I returned home and spent an afternoon with my brother (same mother) talking about everything from pizza to remodeling to the matters at hand, someone whose voice is to me as old as my own DNA. And today my son and I hiked trails we’d never been on before, and just like when we search the stars or when we catch the sunrises and sunsets, we remained without baggage or projects or issues of any sort, completely present, in the moment.
And all of these people brought me such peace.

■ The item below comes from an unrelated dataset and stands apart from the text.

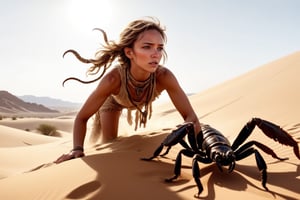 (4k), (masterpiece), (best quality),(extremely intricate), (realistic), (sharp focus), (award winning), (cinematic lighting), (extremely detailed), A girl fighting a scorpion in the desert, from below, boho_chic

It is such a contradiction to the contradiction that is creativity. I must be both completely present in the diction, the word choice, the sound of fingers on the keyboard and the frustrating and distracting anticipatory device that keeps telling me to hit “tab” to complete a word automatically instead of just letting me finish typing it. All of this part of the process is terribly present and real. But my mind and the prose force me to focus on future events or past happenings, sometimes decades and decades past, sometimes four hours ago, and so the process leaves me feeling as if I’m out on some body of water somewhere with two surfboards, and I’ve got one foot on each, one completely aware of the visceral contact, the other looking at the shore or looking back at the waves from which we came. It is quite the balancing act, and too much awareness of the keyboard, the diction, and I’m done; too much awareness of the events of 1980 or 2021 and the writing is done. It’s about balance.
Ah, there it is.
It is all about balance, about leaving the desk for the damp evening, the cool wet feel of my skin as fall weather comes on quickly, shaking off the words and ideas for a bit, knowing I can return later. Too much of one can destroy the other. Balance. It isn’t easy for some of us to find. We are not a smart lot, us engaged in the creative endeavors.
But back to the projects at various stages riding those waves right now, as I was going to say before Truth broke in with all of her matter-of-factness about balance (thank you Robert), I’ve got several going at once and I’m not sure if any of them will come to fruition, let alone be worthy of sharing. And as for any of them making large enough waves to make the returns worth the effort, well few writers I know play that pipe dream.
No, I’m going to clean the porch and write a book this weekend. I can’t possibly get one done without the other. And when they get the wires crossed and I’m not sure what to do? I’ll head to the river. A walk to let it all align itself and tell me my next step. Down at the river where the wide Rappahannock and the massive Chesapeake Bay battle for the same space, sometimes leaving the waters salty, sometimes clear as rainwater. But around here where watermen watch the weather when they’re on shore, one can’t possibly exist without the other.